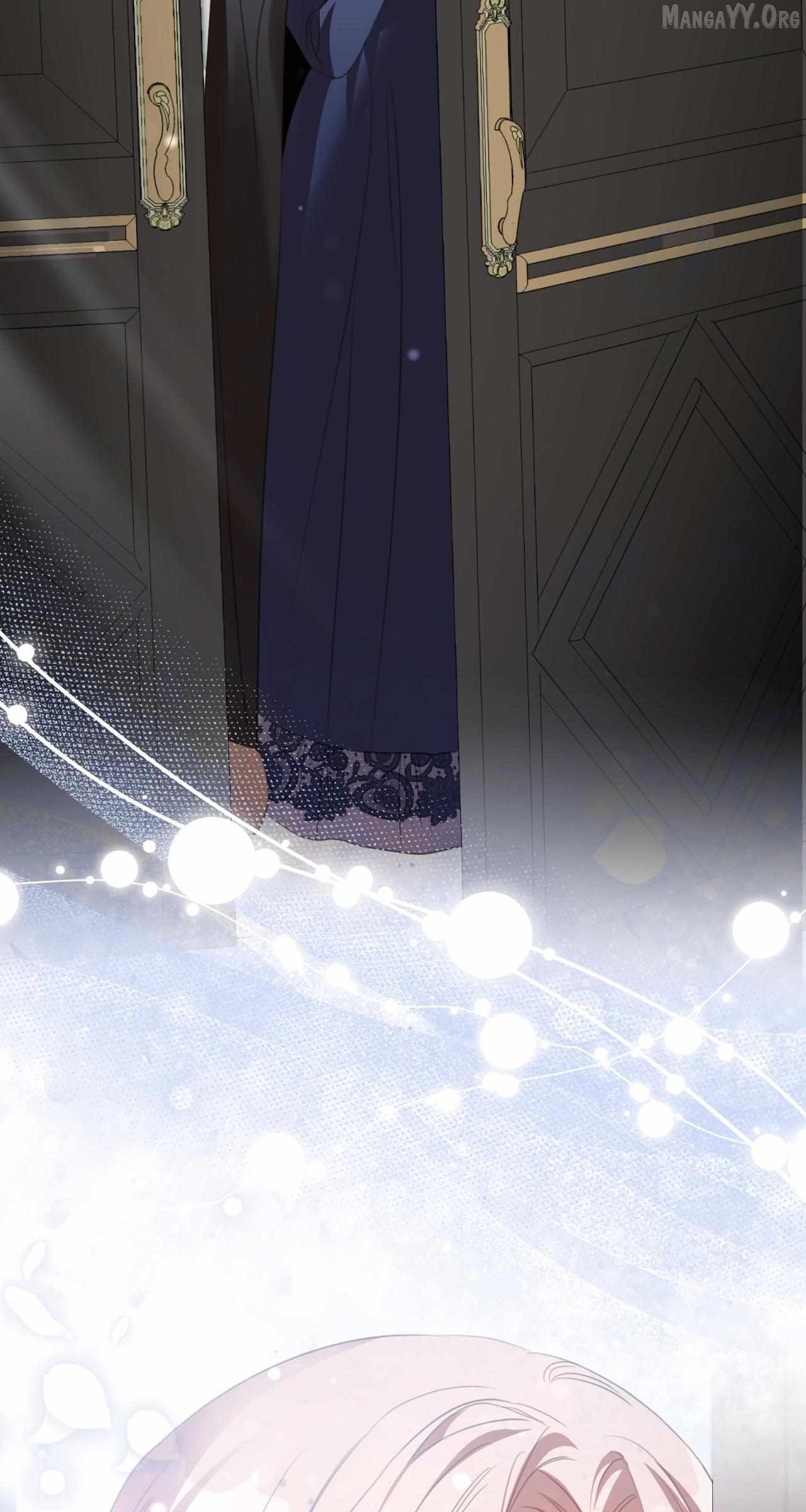 How to Choose Your Knight Chapter 71 - page 5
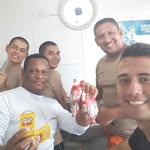 Jose Gregorio Tovar Polo - @josegregoriotovarpolo - Instagram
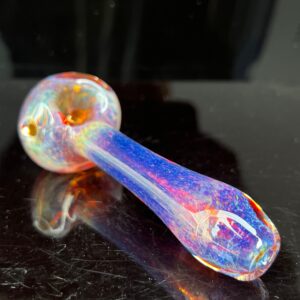 Shop Purple Magic Pipe in australian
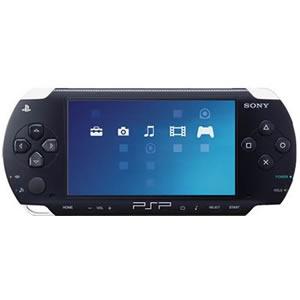 INSTALACION REPARACION CHIP PSP SONY PSP MADRID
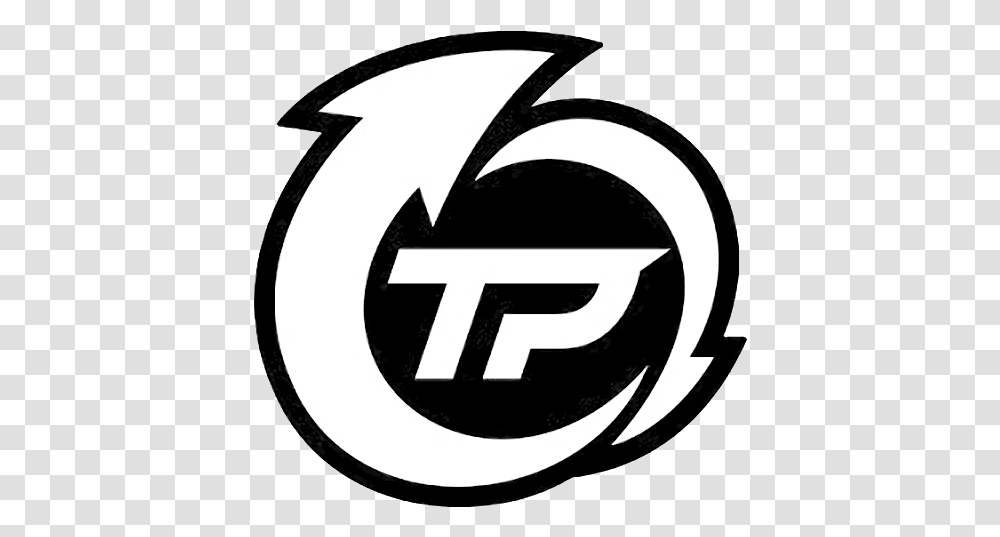 Time Patrol Dragon Ball Xenoverse 2 Time Patrol Logo, Symbol Transparent Png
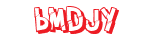 SecureCode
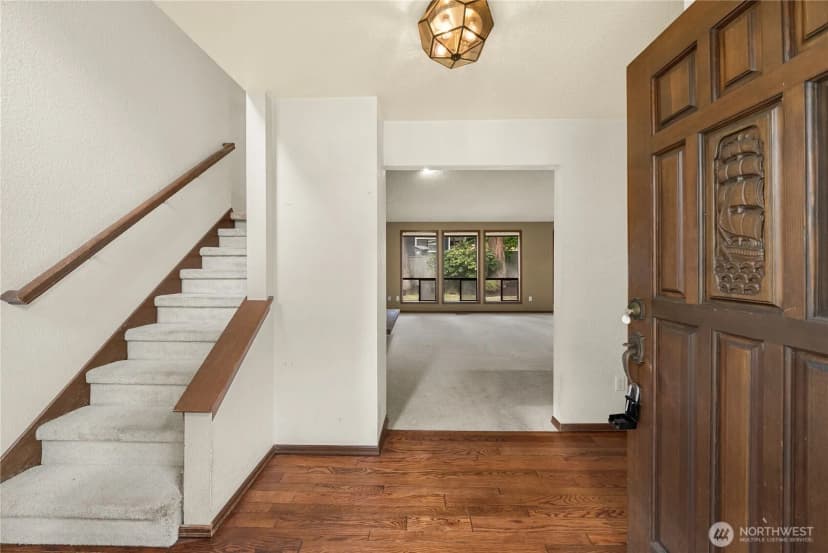 Property photo for 5108 60th Avenue Ct W, University Place photo 4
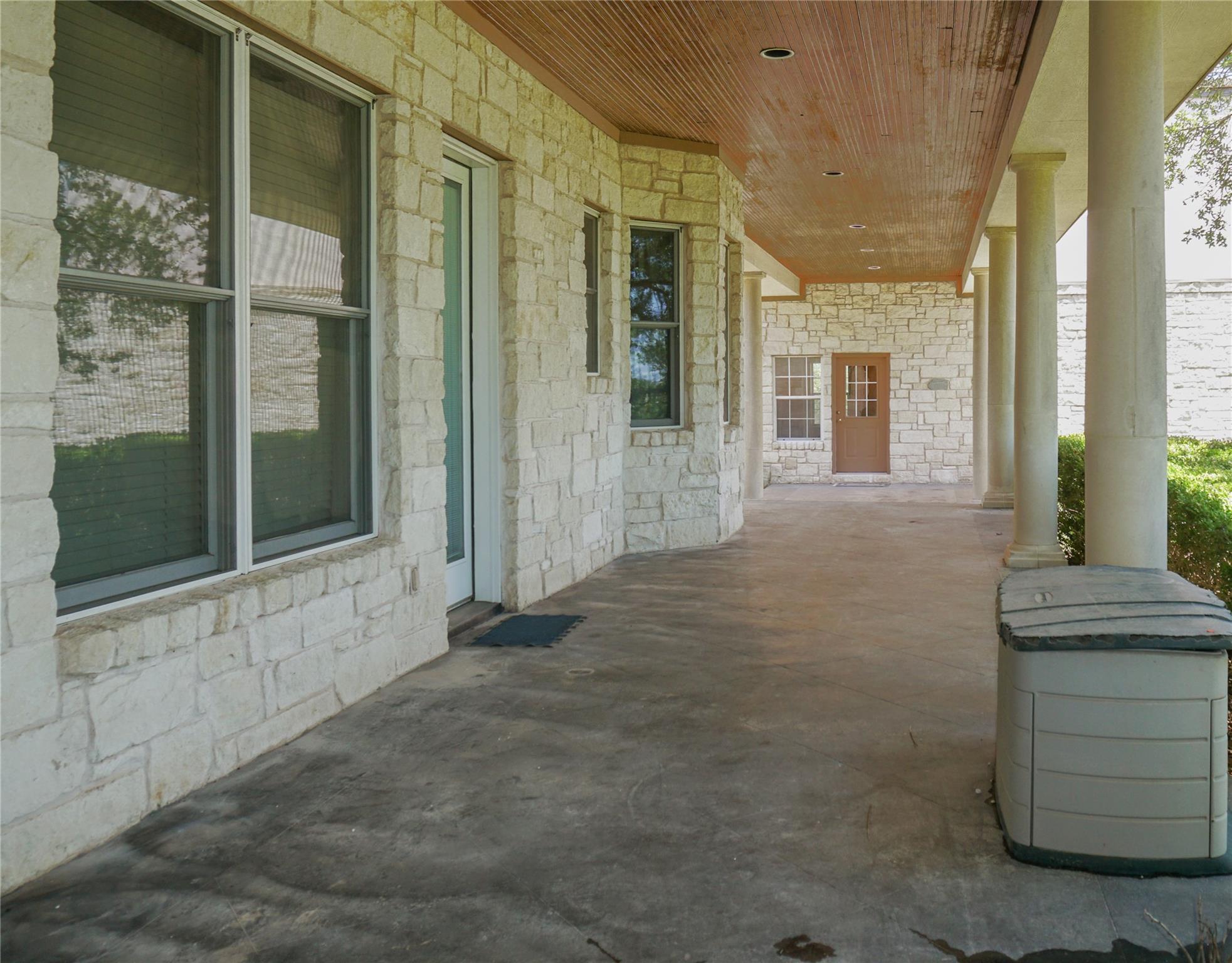 8322 Sharl Cv # B, Austin, TX 78737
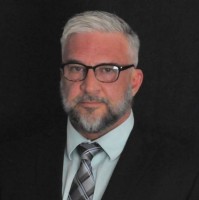 Coastal Financial Credit Union LTD Employee Rick Doucette's profile photo
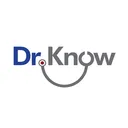 Dr. Know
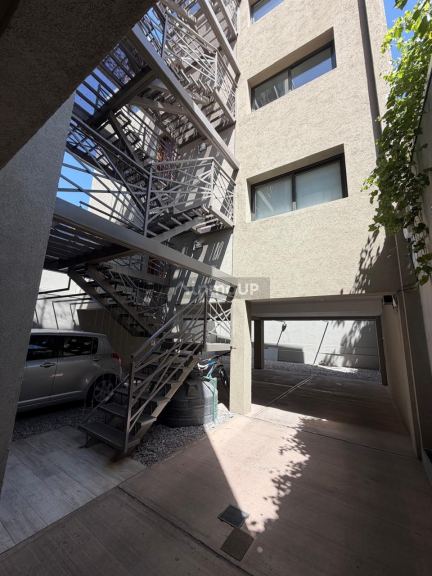 Departamento en Alquiler en Godoy Cruz, Mendoza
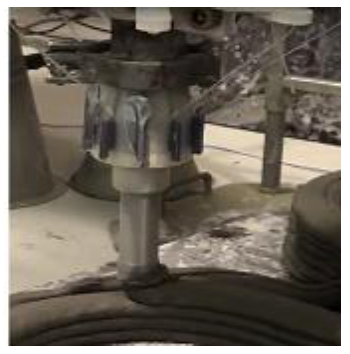 Buildings 12 00229 i024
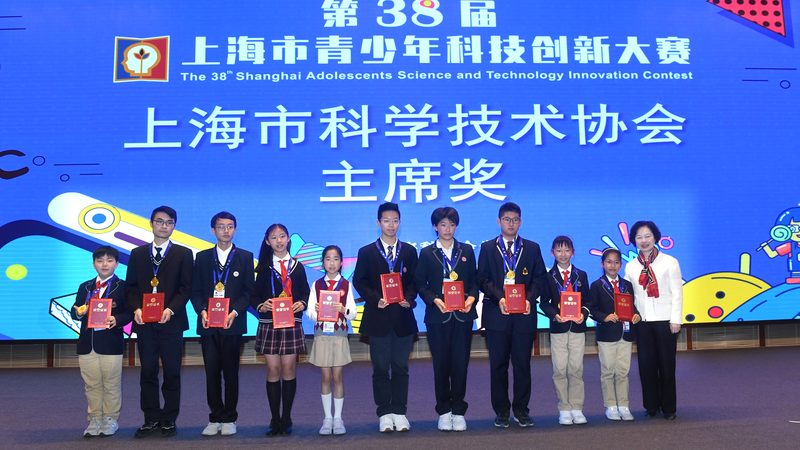 智能安防边缘实时分析系统：安全与效率的完美融合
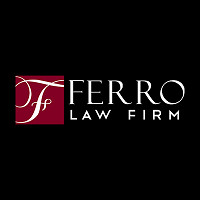 Ferro Law Firm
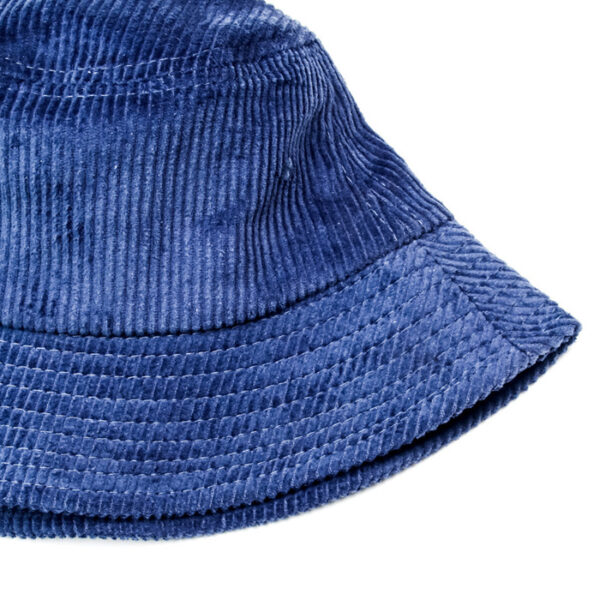 bob-velours-couleur-bleu-plie Bob-velours-couleur-bleu-plié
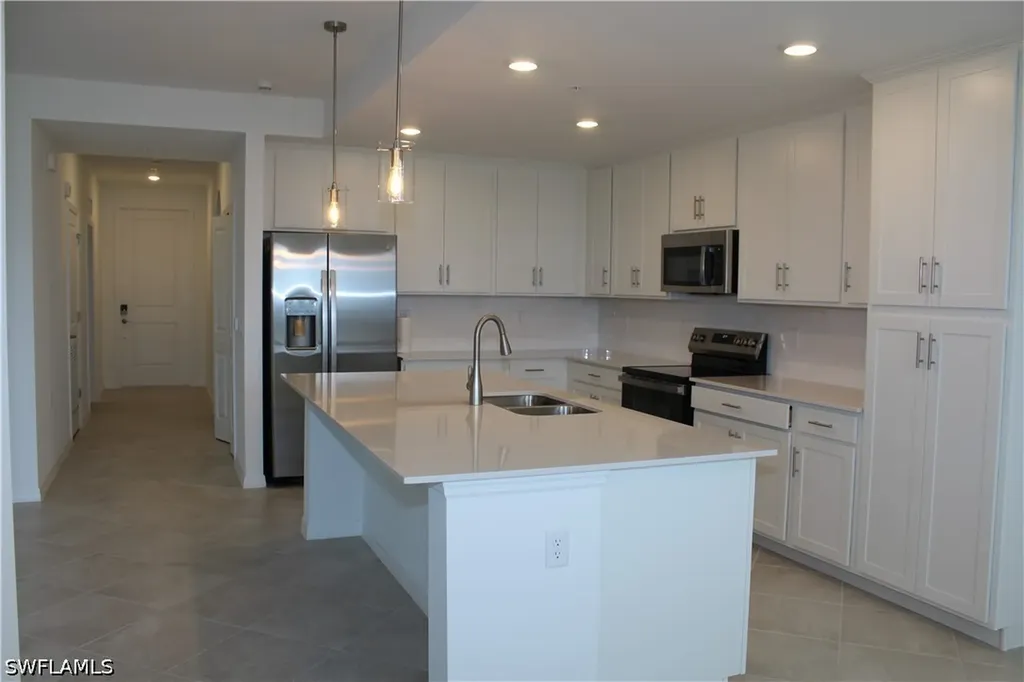 5479 Double Eagle Circle Ave Maria FL 34142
----------------
Your assignment: Your output should consist solely of the lines from the line containing "Property photo for" through the last line of the entries, verbatim, minus any pictures.

Your response:
 Property photo for 5108 60th Avenue Ct W, University Place photo 4
 8322 Sharl Cv # B, Austin, TX 78737
 Coastal Financial Credit Union LTD Employee Rick Doucette's profile photo
 Dr. Know
 Departamento en Alquiler en Godoy Cruz, Mendoza
 Buildings 12 00229 i024
 智能安防边缘实时分析系统：安全与效率的完美融合
 Ferro Law Firm
 bob-velours-couleur-bleu-plie Bob-velours-couleur-bleu-plié
 5479 Double Eagle Circle Ave Maria FL 34142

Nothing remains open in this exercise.